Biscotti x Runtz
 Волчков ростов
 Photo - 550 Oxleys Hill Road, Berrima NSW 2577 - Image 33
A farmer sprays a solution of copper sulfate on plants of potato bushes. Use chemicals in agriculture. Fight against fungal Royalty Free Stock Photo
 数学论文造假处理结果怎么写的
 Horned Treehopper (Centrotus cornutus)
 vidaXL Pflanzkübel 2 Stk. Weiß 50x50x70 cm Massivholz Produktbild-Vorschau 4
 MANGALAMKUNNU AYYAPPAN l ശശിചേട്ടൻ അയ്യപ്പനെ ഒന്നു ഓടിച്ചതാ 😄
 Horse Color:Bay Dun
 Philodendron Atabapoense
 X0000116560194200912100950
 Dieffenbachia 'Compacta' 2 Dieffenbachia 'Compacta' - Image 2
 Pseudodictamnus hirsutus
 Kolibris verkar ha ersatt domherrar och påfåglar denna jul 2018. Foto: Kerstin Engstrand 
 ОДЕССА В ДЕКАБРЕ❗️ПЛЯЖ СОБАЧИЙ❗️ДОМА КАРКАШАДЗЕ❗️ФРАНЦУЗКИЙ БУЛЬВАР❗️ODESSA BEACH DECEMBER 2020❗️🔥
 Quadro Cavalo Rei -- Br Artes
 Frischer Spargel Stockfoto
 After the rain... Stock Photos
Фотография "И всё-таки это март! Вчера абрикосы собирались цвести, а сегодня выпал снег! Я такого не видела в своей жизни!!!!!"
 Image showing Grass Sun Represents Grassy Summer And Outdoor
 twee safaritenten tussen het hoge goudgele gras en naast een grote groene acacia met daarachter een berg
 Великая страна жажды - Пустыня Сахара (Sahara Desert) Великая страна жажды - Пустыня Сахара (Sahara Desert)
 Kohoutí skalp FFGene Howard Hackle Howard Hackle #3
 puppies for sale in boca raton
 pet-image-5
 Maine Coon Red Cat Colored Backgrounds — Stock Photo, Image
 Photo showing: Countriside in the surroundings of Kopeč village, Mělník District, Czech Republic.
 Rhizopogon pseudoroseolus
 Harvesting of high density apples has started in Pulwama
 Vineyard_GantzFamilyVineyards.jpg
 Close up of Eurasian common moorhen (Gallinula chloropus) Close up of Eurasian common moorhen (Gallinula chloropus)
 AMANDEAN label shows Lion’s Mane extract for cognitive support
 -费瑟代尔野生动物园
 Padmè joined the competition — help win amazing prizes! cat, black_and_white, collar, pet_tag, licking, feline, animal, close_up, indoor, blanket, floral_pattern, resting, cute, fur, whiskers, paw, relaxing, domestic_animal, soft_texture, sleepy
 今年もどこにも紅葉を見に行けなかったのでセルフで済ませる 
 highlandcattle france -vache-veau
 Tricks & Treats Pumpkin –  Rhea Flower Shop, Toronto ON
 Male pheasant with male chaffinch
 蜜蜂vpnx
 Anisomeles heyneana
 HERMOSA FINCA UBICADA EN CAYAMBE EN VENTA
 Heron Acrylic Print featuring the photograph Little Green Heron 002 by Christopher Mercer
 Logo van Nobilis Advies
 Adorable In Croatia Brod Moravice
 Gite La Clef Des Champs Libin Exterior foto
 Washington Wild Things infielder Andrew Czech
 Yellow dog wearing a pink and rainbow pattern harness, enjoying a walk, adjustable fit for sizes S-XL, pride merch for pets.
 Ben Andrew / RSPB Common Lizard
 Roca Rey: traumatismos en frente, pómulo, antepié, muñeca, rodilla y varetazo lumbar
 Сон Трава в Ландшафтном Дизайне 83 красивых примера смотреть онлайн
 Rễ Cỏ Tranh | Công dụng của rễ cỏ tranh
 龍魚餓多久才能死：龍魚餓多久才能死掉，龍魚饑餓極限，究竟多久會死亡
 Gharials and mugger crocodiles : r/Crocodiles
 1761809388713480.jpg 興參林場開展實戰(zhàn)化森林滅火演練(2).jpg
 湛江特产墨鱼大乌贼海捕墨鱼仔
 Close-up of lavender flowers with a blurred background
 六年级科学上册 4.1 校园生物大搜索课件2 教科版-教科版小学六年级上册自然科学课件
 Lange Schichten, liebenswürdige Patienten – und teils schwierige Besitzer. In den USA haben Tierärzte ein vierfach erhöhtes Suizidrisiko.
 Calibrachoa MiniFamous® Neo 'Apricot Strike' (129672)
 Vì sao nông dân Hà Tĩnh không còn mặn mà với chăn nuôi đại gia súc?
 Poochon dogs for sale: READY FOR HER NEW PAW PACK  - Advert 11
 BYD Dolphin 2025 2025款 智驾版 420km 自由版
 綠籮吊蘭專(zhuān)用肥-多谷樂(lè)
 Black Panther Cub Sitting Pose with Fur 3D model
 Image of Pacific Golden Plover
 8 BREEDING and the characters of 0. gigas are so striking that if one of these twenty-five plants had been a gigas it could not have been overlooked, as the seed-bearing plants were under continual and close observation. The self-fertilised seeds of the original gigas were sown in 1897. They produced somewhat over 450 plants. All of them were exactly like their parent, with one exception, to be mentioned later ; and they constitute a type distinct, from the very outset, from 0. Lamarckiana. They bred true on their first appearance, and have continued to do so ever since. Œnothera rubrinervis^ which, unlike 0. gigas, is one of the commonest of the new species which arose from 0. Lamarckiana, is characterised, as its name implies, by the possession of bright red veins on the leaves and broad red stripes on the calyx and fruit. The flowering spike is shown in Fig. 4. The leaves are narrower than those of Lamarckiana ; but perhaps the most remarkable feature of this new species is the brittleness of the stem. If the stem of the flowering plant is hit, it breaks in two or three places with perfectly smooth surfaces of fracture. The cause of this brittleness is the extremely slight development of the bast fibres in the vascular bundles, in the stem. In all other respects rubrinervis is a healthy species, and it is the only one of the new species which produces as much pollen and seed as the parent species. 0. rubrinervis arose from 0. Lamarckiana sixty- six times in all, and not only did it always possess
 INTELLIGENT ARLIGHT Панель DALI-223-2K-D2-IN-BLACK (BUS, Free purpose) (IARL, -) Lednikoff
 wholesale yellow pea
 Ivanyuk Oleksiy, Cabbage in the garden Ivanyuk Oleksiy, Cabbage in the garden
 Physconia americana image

Task description -
Keep both end lines and retype everything in the records above from the line containing "ОДЕССА В ДЕКАБРЕ❗️ПЛЯЖ" through the line containing "Vineyard_GantzFamilyVineyards.jpg", exactly, with nothing else.

Task response -
 ОДЕССА В ДЕКАБРЕ❗️ПЛЯЖ СОБАЧИЙ❗️ДОМА КАРКАШАДЗЕ❗️ФРАНЦУЗКИЙ БУЛЬВАР❗️ODESSA BEACH DECEMBER 2020❗️🔥
 Quadro Cavalo Rei -- Br Artes
 Frischer Spargel Stockfoto
 After the rain... Stock Photos
Фотография "И всё-таки это март! Вчера абрикосы собирались цвести, а сегодня выпал снег! Я такого не видела в своей жизни!!!!!"
 Image showing Grass Sun Represents Grassy Summer And Outdoor
 twee safaritenten tussen het hoge goudgele gras en naast een grote groene acacia met daarachter een berg
 Великая страна жажды - Пустыня Сахара (Sahara Desert) Великая страна жажды - Пустыня Сахара (Sahara Desert)
 Kohoutí skalp FFGene Howard Hackle Howard Hackle #3
 puppies for sale in boca raton
 pet-image-5
 Maine Coon Red Cat Colored Backgrounds — Stock Photo, Image
 Photo showing: Countriside in the surroundings of Kopeč village, Mělník District, Czech Republic.
 Rhizopogon pseudoroseolus
 Harvesting of high density apples has started in Pulwama
 Vineyard_GantzFamilyVineyards.jpg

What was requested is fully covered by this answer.